Indian immigration accuses US embassy teachers of visa fraud

Indian immigration authorities have accused staff at the US embassy school in New Delhi of tax and visa offences. This is being seen as retaliation for the arrest of an Indian diplomat in New York for visa offences in December 2013

The American Embassy School is a school primarily for the children of English speaking diplomats in New Delhi. The school is situated on land owned by the US government next to the US embassy and has 1500 pupils. Many of the teachers at the school are married couples from the US; it is frequently the case that both husband and wife teach at the school.
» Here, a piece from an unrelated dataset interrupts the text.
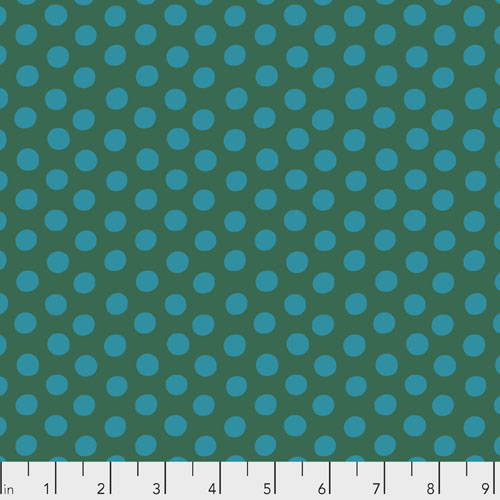 Spot - Pacific - Kaffe Fassett Classics - Blue dot on green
There is a 1973 agreement between India and the US which allows some teachers at the school to be employed tax free. This does not apply to all staff and when the quota of tax free teachers is reached, India requires the rest to register for tax.
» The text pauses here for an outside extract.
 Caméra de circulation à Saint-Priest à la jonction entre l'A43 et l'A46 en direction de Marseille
Women in breach of tax and immigration laws

To maximise the number of tax free staff working at the school, India claims, the school advises female staff who are married to male teachers to claim that they are 'housewives' who do not work for the school. This, Indian officials say, means that the women are in breach of Indian immigration and tax laws.

Syed Akbaruddin of India's Ministry of External Affairs told The Times of India that this was 'clearly a violation of tax law. The Ministry believes that up to 16 teachers may have broken the rules and be guilty of tax and visa offences.
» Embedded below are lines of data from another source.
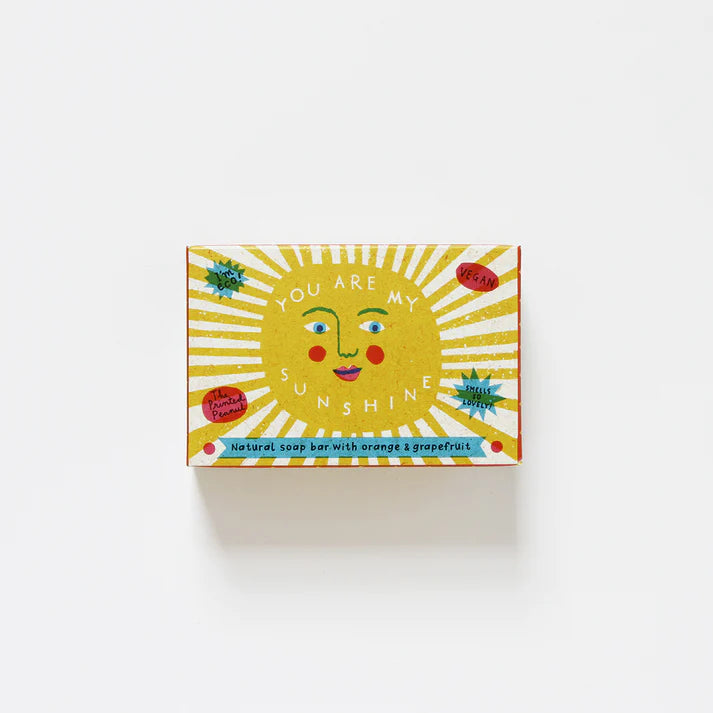 The Every Space You Are My Sunshine natural soap bar with orange and grapefruit by The Printed Peanut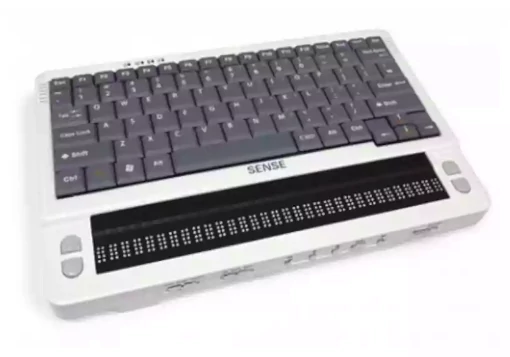 Bloco de notas com teclado qwerty e linha Braille de 32 células
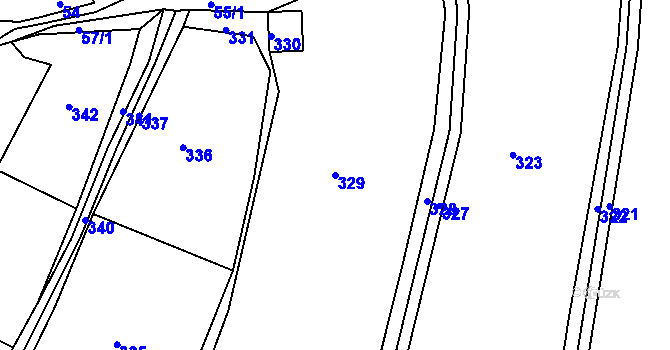 Parcela st. 329 v KÚ Hlinné, Katastrální mapa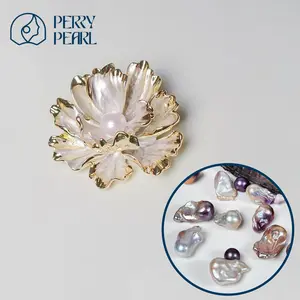 【Peony Brooch】+【Titan’s Treasure】 – 1–2pcs Baroque Pearls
The accusations are seen as being in retaliation for the treatment of an Indian diplomat, Devyani Khobragade. Mrs Khobragade was the Deputy Consul General at the Indian Consulate in New York. On 11th December 2013, she was arrested outside her daughter's school. She was taken to a police station and allegedly strip-searched.

Indian diplomat charged with visa fraud

On 9th January 2014, Mrs Khobragade was charged with making false statements in support of an application for a visa for her daughter's nanny Sangeeta Richard. The US police alleged that Mrs Khobragade had falsely claimed that Ms Richard was being paid the US minimum wage of $9.75 per hour.

Ms Richard had made a statement to the authorities that she was, in fact, being paid closer to $3.31 per hour, which would be a breach of the terms of the grant of her visa; an A-3 visa for the personal staff of diplomats in the US.

After being charged, Mrs Khobragade faced a possible ten year jail term, if convicted. In the hope of restoring normal relations with the Indian Government the US authorities then issued her with a G-1 visa which grants near total immunity from prosecution. G-1s are normally issued to international staff of organisations such as the United Nations. She left the US shortly thereafter.

India angered

The Khobragade episode has caused considerable anger in New Delhi. The Indian Government has already somewhat inconvenienced the US Government in other ways.

Before the investigation into the American Embassy School, the Indian government had on a temporary basis withdrawn Indian army protection from outside the US embassy and had also expelled a US diplomat.